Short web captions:
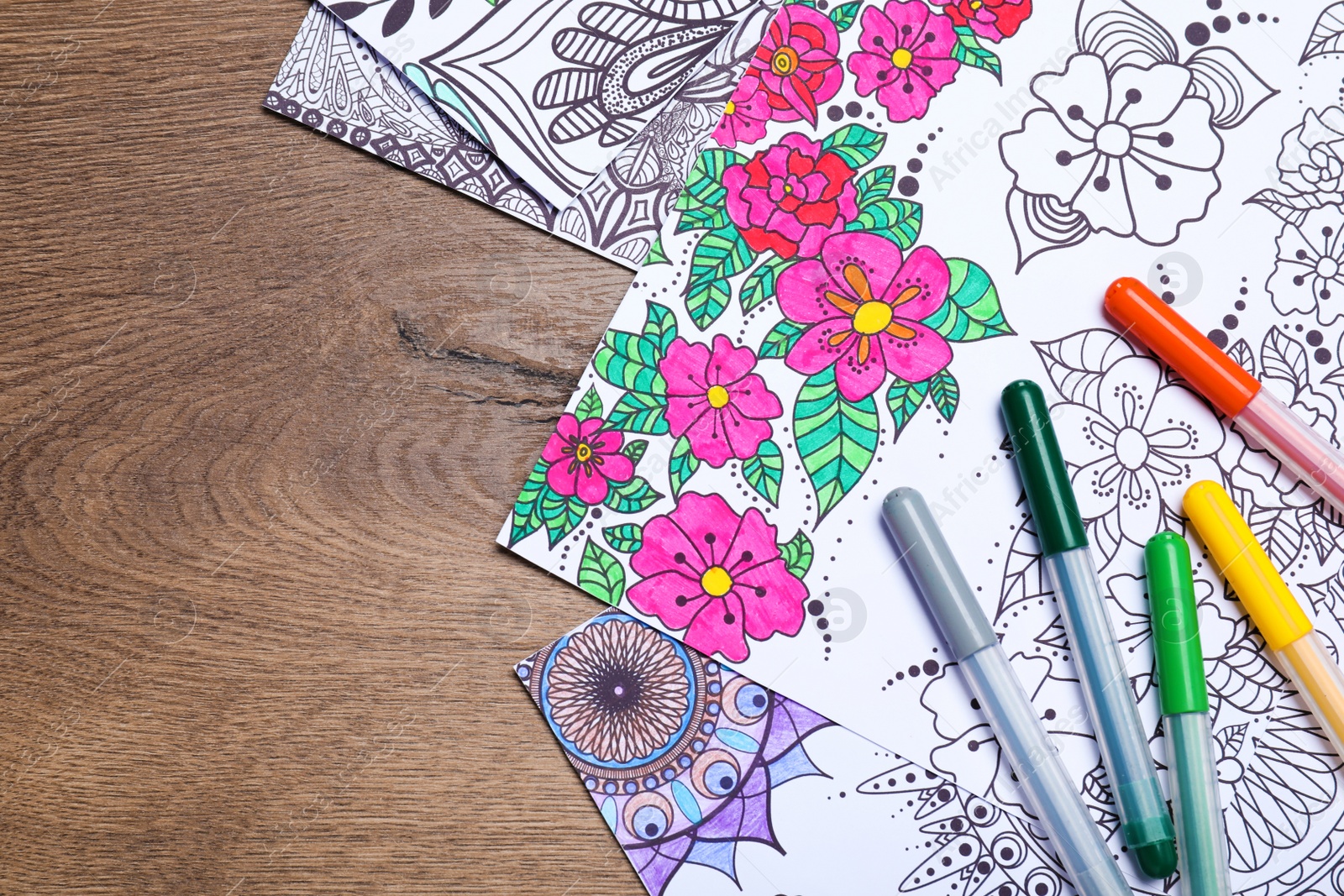 Photo of Antistress coloring pages and felt tip pens on wooden table, flat lay. Space for text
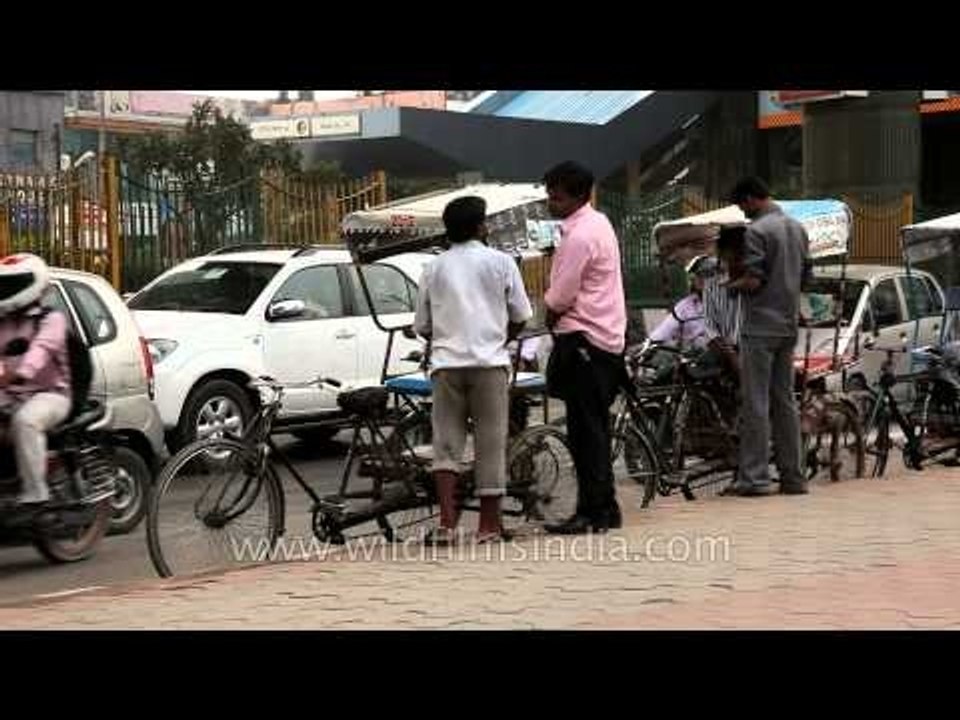 Rickshawallas caught scratching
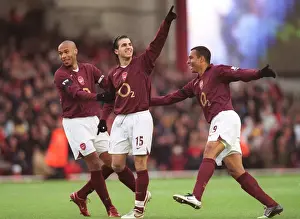 Cesc Fabregas celebrates scoring Arsenals 1st goal with Thierry Henry and Gilberto
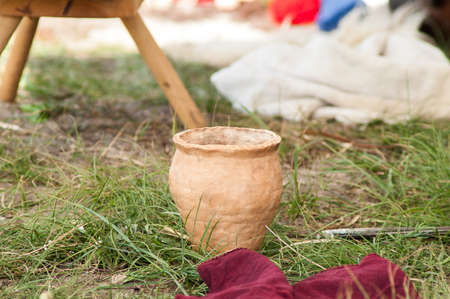 clay pot on the ground during historical festivalの写真素材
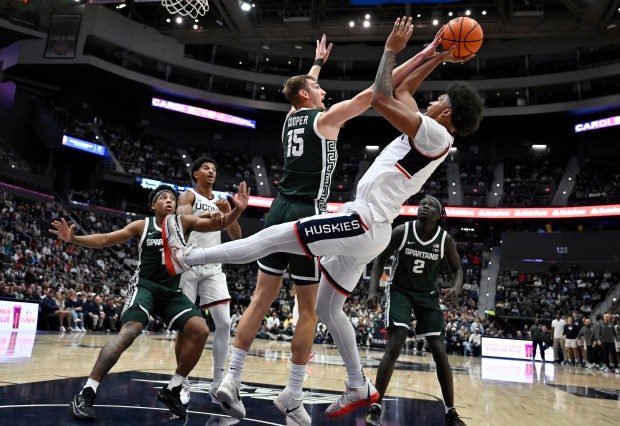 Michigan State center Carson Cooper (15) fouls UConn forward Jaylin Stewart during the first half of an NCAA basketball game, Tuesday, Oct. 28, 2025, at PeoplesBank Arena in Hartford, Conn. (AP Photo/Jessica Hill)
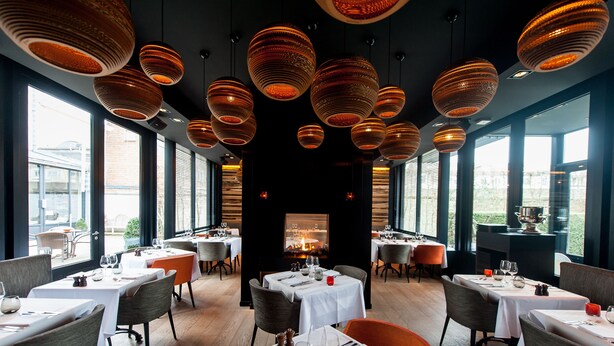 A restaurant with multiple tables, chairs, and hanging pendant lights. - Hotel Montanus (Bruges)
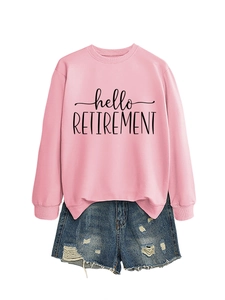 Flat lay of pink Hello Retirement sweatshirt paired with distressed denim shorts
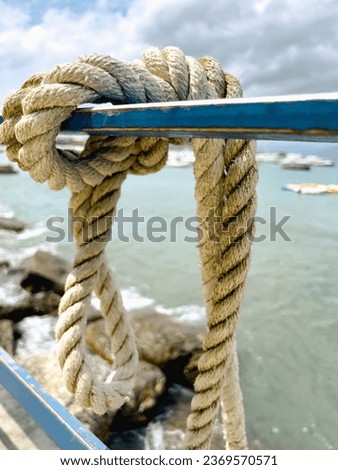 marine knots to keep the boat still Royalty-Free Stock Photo #2369570571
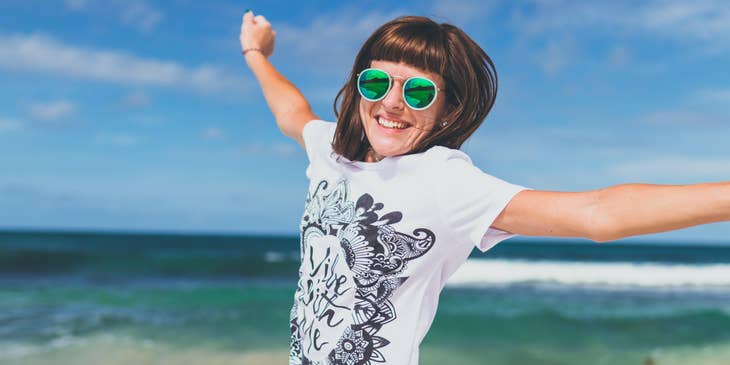 A happy person at the beach on a floating holiday.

■ Problem details:
Copy out every line above without change, dropping the pictures.

■ Solution below:
 Photo of Antistress coloring pages and felt tip pens on wooden table, flat lay. Space for text
 Rickshawallas caught scratching
 Cesc Fabregas celebrates scoring Arsenals 1st goal with Thierry Henry and Gilberto
 clay pot on the ground during historical festivalの写真素材
 Michigan State center Carson Cooper (15) fouls UConn forward Jaylin Stewart during the first half of an NCAA basketball game, Tuesday, Oct. 28, 2025, at PeoplesBank Arena in Hartford, Conn. (AP Photo/Jessica Hill)
 A restaurant with multiple tables, chairs, and hanging pendant lights. - Hotel Montanus (Bruges)
 Flat lay of pink Hello Retirement sweatshirt paired with distressed denim shorts
 marine knots to keep the boat still Royalty-Free Stock Photo #2369570571
 A happy person at the beach on a floating holiday.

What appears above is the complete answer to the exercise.